Add Support for Gradient Checkpointing #759

lenglaender · 2024-11-07T12:34:33Z

Add Support for Gradient Checkpointing

This PR adds support for gradient checkpointing Gradient checkpointing is a technique that trades computation for memory by recomputing intermediate activations during the backward pass instead of storing them. This is particularly useful when training large models. Because we recompute values during the backpropagation, we need to preserve the original ForwardContext in this phase. I solved this by overwriting the gradient_checkpointing_enable function so that the checkpoint function receives the current ForwardContext as the backward pass context manager.
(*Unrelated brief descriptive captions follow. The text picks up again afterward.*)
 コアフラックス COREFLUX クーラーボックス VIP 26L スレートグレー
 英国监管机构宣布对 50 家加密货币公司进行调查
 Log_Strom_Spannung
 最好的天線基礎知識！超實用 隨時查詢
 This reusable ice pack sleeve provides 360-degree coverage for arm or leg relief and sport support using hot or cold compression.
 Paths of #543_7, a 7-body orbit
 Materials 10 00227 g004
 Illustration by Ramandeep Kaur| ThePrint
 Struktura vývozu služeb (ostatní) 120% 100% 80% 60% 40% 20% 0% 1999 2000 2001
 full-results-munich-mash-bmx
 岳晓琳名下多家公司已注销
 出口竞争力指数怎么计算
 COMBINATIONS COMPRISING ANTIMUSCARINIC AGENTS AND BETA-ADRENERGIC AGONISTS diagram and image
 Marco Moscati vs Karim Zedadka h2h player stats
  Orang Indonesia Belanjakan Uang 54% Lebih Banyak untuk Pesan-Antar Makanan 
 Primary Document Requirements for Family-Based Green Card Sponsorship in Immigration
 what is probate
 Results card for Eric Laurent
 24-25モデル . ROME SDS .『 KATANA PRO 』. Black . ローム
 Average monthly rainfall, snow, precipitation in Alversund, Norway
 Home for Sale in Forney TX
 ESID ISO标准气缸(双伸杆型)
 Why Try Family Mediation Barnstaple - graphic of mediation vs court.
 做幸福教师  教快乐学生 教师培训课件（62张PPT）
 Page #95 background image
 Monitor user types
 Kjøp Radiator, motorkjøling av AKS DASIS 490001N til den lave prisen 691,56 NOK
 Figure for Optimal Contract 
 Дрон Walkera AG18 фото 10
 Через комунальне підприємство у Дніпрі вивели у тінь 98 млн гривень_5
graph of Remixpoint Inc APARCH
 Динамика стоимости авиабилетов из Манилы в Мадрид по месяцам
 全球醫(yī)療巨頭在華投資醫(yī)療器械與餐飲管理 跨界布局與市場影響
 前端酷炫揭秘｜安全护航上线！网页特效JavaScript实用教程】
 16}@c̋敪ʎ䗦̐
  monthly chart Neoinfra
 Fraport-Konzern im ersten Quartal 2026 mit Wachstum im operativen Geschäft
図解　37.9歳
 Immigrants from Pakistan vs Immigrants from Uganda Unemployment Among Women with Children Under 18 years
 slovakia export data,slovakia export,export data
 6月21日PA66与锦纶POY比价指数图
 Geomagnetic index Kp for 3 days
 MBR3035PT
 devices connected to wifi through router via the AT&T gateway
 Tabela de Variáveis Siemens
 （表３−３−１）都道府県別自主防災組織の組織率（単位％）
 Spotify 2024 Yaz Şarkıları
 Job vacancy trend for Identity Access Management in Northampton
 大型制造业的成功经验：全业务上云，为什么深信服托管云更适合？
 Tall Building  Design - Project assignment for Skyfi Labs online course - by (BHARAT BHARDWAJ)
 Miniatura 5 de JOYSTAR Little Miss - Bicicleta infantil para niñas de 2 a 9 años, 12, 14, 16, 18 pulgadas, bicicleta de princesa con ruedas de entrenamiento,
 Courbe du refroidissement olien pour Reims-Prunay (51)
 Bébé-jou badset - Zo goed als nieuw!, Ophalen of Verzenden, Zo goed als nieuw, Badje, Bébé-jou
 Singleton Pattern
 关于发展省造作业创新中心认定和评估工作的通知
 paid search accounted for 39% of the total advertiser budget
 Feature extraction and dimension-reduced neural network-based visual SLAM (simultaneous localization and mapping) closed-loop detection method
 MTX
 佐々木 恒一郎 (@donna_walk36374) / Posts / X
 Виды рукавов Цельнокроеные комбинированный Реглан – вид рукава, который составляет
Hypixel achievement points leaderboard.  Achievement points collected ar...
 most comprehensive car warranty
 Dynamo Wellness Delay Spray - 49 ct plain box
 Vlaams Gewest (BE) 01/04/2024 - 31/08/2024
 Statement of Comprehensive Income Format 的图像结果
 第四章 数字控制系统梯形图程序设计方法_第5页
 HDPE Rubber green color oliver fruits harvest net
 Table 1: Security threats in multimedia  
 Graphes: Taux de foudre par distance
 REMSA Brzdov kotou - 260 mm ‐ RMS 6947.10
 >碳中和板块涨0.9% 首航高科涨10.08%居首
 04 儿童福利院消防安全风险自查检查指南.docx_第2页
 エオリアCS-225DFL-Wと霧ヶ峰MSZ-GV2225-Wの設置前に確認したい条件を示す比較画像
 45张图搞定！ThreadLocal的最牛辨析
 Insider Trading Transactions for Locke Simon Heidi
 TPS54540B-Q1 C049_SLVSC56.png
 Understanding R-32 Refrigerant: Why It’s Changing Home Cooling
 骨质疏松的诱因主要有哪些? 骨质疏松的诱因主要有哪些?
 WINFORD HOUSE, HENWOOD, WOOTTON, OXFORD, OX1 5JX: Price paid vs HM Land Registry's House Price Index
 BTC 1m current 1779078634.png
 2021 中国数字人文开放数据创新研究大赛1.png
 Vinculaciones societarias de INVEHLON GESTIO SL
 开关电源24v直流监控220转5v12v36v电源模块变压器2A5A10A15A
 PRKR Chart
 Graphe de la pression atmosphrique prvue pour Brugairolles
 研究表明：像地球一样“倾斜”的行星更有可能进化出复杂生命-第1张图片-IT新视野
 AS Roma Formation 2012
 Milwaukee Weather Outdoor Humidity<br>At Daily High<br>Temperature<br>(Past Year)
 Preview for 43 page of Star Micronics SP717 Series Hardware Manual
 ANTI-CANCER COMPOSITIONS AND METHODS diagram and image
- oerwrite the gradient_checkpointing_enable to provide our ForwardContext during the recomputation of values during backpropagation - 2 bugs remaining: bottleneck adapter for models with the legacy implementation (BERT) & Parallel. Parallel has the problem that we manipulate the batch dimension and this currently leads to an error

docs & style & fixes - albert: skip unsupported tests - deberta(V2): fix embedding bug with inplace operations. - deberta: fix LoRAMergedLinear Bug with device mismatch

calpt

Thanks a lot for digging into this and enabling compatibility w adapters, this looks great! Just a couple of small comments before we're good to merge

calpt · 2025-01-19T10:28:59Z

src/adapters/models/deberta_v2/modeling_deberta_v2.py

@@ -49,6 +50,60 @@ def forward(self, hidden_states, input_tensor):
        return hidden_states


+# Copied from transformers.models.deberta.modeling_deberta.DebertaEmbeddings with DebertaLayerNorm->LayerNorm,Deberta->DebertaV2
+class DebertaV2EmbeddingsWithAdapters(DebertaV2Embeddings):


to clarify: is this fixing something specific to adapter training or just generally for the model with gradient checkpointing? If the latter, I think we shouldn't copy the class here but try to fix upstream in Transformers directly (same for Deberta-v1)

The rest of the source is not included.